DOROTHY SPRUCE VS. ROUTE 18 SHOPPING CENTER ASSOCIATES, (L-5162-13, MIDDLESEX COUNTY AND STATEWIDE)
A-0048-16T3
| N.J. Super. Ct. App. Div. | Nov 16, 2017Background
- Plaintiff (general manager at Burger King) tripped on a mulch-covered tree stump in the restaurant parking lot on April 2, 2012, injuring her right knee; she alleged the stump was concealed by mulch.
- Burger King had a maintenance contract with FM Facility Maintenance (FM); FM contracted Northwest Companies (Northwest) for landscaping; Northwest subcontracted exterior maintenance to Pino's Landscaping (Pino's).
- Contracts limited Pino's scope: mulching was expressly not approved and stump removal required prior authorization/work orders; Pino's performed a March 30, 2012 “spring cleanup” (first time at this site) and believed stump removal was not authorized.
- There was no evidence any defendant performed the mulching that concealed the stump or created the hazardous condition; a photo after Pino’s work showed no visible stumps.
- Plaintiff often inspected the landscaping herself and had not noticed the stump before the accident.
- Trial court granted summary judgment for FM, Northwest, and Pino’s, finding no duty or breach; plaintiff appeals, arguing duty, notice, inspection obligations, control/vicarious liability, and expert testimony admissibility.
Issues
| Issue | Plaintiff's Argument | Defendant's Argument | Held |
|---|---|---|---|
| Whether defendants owed a legal duty to inspect/remove the stump | Defendants (FM/Northwest/Pino's) owed a duty to inspect and prevent hazards on premises they maintained | Contracts limited scope; no contractual or common-law duty to inspect for or remove this concealed stump | Court: No duty; summary judgment affirmed |
| Whether Pino's had actual/constructive knowledge of the stump | Pino's should have known of stumps during spring cleanup and remedied hazard | Pino's had limited, authorized scope (no mulching/stump removal), first visit, no evidence it created/observed this specific hidden stump | Court: No evidence Pino's knew of or created the specific hazard; no breach |
| Whether FM/Northwest are vicariously liable for Pino's acts or had control | Plaintiff: Northwest exercised sufficient control over Pino's to impose vicarious liability; FM had supervisory duties | Defendants: Contracts show limited, specified scope; no control to create inspection duty or liability for prior vendors' work | Court: No basis to impose vicarious liability or broader duty based on contract scope |
| Admissibility of plaintiff's expert opinion (code violation causation) | Expert opined FM violated municipal property maintenance code causing accident | Defendants: Expert’s opinion is speculative and lacks factual predicate (net opinion) | Court: Expert opinion excluded as net opinion; insufficient factual foundation |
Key Cases Cited
- Brill v. Guardian Life Ins. Co. of Am., 142 N.J. 520 (1995) (summary judgment standard; view evidence in favor of nonmovant)

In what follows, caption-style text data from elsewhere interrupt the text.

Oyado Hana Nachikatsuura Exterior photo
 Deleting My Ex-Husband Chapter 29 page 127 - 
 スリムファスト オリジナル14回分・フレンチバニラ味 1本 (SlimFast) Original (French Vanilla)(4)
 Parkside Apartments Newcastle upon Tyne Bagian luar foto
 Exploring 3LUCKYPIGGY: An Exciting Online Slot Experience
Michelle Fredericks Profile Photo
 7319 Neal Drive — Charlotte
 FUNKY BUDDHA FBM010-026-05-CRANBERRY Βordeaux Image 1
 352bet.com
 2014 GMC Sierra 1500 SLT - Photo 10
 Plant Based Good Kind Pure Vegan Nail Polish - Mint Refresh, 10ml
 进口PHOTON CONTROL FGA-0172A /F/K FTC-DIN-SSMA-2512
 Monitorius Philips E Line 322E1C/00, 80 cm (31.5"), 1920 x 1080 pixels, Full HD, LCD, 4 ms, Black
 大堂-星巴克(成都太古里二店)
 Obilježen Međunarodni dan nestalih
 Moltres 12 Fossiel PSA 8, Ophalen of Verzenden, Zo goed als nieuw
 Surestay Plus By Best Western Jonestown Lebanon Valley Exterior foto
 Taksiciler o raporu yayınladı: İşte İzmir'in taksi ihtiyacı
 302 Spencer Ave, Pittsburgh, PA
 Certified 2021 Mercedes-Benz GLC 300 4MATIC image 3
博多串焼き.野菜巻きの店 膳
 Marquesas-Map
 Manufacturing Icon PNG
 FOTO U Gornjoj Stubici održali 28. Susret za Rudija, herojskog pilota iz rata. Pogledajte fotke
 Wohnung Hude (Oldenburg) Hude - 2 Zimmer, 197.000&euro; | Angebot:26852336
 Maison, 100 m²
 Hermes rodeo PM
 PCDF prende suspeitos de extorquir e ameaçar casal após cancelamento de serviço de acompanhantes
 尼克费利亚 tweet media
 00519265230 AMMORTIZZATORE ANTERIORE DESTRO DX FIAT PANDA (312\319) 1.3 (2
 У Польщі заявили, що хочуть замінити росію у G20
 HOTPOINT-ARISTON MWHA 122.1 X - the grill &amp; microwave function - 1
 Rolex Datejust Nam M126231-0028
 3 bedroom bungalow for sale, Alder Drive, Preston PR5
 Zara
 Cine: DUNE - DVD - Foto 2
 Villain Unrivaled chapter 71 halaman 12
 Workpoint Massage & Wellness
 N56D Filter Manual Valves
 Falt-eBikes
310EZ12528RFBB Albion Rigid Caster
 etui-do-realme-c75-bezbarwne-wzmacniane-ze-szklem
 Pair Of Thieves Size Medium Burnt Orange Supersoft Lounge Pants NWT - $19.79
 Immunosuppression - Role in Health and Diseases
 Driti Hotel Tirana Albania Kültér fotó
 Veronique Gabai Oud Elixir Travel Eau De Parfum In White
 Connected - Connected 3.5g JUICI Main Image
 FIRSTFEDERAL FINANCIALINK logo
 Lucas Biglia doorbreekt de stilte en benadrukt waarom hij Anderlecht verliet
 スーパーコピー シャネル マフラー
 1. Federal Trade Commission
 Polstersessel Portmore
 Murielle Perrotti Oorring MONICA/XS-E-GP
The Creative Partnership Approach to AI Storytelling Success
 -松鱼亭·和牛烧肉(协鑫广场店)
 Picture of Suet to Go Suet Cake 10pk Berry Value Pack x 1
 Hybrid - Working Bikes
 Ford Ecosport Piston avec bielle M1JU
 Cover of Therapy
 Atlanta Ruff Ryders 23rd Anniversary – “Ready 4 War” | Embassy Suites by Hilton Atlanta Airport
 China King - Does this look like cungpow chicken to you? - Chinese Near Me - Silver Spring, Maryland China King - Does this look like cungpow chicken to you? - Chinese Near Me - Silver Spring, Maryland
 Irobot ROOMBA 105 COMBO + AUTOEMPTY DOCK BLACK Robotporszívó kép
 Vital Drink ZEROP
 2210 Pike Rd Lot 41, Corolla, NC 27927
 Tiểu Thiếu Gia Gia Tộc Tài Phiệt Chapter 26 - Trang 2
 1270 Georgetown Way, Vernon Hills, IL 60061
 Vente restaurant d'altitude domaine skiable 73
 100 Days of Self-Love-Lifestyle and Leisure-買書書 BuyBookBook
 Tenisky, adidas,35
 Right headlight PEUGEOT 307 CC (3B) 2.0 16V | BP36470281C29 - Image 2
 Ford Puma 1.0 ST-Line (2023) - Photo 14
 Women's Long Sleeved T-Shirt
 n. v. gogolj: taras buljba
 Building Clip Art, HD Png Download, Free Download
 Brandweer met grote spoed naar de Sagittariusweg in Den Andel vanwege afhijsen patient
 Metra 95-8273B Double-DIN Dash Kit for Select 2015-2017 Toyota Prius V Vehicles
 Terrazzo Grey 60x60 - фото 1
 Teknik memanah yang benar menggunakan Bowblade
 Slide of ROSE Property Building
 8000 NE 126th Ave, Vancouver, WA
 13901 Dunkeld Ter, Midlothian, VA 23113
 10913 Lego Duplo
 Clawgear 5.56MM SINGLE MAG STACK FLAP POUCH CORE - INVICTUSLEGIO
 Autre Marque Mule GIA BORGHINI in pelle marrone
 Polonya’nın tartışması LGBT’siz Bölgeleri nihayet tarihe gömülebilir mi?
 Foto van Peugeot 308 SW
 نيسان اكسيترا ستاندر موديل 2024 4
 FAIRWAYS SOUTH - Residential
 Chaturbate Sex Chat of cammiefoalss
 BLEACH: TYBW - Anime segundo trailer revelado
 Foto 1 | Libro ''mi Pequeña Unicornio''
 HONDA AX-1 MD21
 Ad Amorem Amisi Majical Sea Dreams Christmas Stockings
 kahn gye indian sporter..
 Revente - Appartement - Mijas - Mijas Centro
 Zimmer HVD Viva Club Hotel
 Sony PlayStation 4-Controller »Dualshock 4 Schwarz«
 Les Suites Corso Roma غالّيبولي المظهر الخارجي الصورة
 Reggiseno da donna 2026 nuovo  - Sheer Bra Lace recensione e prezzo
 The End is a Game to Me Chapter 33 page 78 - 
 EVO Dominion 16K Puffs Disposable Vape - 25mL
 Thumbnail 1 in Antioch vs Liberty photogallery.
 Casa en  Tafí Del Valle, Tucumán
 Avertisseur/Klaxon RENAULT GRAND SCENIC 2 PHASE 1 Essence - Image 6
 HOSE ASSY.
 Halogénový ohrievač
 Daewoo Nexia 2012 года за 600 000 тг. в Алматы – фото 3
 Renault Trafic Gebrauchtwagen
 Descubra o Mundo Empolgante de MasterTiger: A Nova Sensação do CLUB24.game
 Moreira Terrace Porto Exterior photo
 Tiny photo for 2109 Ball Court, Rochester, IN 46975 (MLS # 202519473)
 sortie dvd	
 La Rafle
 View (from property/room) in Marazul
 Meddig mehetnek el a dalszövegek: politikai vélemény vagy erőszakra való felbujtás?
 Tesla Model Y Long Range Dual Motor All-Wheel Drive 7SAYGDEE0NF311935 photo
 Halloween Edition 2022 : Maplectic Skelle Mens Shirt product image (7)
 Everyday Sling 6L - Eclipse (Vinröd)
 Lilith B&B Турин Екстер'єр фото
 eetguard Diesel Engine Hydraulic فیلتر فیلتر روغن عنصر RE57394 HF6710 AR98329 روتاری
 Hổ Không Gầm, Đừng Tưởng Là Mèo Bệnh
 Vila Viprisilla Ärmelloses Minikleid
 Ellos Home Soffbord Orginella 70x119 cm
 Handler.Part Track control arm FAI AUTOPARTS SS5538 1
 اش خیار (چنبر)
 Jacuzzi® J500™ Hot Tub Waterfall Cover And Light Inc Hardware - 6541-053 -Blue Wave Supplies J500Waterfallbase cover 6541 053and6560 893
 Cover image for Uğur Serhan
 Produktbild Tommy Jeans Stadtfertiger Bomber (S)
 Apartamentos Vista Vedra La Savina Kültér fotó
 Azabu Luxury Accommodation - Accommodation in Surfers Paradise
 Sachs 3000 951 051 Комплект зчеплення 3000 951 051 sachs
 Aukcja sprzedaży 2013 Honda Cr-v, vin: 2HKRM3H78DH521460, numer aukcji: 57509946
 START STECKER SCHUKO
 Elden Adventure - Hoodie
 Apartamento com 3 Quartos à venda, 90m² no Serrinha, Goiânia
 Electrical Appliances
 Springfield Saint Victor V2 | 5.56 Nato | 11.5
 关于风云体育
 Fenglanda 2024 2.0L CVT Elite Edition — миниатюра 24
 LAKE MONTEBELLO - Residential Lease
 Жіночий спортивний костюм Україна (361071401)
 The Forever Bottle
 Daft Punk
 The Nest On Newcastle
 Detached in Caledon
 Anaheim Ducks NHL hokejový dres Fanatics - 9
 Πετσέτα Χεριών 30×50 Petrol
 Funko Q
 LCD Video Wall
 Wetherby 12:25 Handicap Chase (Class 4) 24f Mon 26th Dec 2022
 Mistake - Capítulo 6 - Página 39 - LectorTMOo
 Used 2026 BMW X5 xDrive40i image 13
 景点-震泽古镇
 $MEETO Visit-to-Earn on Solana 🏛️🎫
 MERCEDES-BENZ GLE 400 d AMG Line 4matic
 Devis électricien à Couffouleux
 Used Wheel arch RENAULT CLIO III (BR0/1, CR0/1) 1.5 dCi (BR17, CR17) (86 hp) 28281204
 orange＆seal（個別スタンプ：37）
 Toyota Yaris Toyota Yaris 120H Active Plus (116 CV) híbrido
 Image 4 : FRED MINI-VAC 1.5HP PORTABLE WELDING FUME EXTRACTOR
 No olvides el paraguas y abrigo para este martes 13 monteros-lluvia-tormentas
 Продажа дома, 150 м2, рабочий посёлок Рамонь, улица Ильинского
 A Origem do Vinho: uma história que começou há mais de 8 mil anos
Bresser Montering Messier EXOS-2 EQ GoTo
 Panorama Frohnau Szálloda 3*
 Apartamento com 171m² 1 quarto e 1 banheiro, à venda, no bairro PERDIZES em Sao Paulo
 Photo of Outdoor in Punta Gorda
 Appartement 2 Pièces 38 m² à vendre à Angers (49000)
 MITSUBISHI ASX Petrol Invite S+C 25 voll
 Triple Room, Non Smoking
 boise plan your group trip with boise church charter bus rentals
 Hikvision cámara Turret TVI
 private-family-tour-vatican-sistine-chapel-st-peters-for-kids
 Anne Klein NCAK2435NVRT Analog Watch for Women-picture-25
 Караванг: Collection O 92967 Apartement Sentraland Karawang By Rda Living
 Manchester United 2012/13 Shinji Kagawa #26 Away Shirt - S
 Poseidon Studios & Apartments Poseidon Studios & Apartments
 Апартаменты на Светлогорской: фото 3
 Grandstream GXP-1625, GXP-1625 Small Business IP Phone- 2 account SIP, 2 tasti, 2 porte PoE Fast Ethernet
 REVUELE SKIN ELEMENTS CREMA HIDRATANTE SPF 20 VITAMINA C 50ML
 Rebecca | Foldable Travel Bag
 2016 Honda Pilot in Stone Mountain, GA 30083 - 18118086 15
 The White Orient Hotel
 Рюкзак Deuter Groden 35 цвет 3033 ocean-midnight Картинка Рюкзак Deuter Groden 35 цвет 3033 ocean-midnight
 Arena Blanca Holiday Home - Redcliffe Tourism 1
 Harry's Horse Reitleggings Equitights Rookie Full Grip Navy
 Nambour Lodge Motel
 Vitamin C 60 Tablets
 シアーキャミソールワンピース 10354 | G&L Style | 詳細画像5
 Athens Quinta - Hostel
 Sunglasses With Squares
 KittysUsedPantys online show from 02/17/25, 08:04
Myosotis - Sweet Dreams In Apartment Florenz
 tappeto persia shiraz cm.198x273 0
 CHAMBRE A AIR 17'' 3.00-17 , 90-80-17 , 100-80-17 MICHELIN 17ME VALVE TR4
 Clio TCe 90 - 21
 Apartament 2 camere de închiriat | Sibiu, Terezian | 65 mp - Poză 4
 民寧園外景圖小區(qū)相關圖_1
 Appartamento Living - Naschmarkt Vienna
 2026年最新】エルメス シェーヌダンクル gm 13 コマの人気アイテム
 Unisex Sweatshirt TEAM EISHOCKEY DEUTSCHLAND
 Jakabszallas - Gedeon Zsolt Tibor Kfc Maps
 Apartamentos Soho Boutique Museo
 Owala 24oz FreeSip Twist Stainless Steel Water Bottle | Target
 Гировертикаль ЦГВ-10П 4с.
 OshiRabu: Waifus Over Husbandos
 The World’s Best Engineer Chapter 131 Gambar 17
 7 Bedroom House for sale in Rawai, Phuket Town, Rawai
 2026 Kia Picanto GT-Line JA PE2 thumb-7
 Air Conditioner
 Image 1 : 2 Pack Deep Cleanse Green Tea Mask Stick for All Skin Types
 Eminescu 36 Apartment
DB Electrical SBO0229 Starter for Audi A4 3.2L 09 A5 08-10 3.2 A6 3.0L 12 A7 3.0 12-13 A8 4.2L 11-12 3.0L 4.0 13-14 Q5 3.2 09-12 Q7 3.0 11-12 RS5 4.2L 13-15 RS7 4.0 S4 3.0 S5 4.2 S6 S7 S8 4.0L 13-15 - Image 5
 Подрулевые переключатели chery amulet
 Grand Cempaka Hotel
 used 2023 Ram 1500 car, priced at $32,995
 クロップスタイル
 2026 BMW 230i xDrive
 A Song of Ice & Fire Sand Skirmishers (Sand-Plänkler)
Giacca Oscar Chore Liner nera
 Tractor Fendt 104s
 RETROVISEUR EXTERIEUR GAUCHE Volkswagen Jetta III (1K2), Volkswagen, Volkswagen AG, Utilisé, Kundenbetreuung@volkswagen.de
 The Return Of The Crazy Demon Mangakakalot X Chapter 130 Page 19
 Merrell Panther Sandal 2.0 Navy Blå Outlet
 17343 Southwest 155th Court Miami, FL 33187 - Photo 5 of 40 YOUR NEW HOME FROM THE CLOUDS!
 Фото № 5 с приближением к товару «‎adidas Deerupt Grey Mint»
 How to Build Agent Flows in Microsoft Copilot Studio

- Bhagat v. Bhagat, 217 N.J. 22 (2014) (appellate review of summary judgment standard)
- D'Alessandro v. Hartzel, 422 N.J. Super. 575 (App. Div. 2011) (elements of negligence)
- Carvalho v. Toll Bros. & Developers, 143 N.J. 565 (1996) (duty is question of law; scope of duty inquiry)
- Olivo v. Owens-Illinois, Inc., 186 N.J. 394 (2006) (duty analysis, public policy considerations)
- Hopkins v. Fox & Lazo Realtors, 132 N.J. 426 (1993) (factors for duty: foreseeability and policy)
- Clohesy v. Food Circus Supermarkets, Inc., 149 N.J. 496 (1997) (foreseeability in premises liability)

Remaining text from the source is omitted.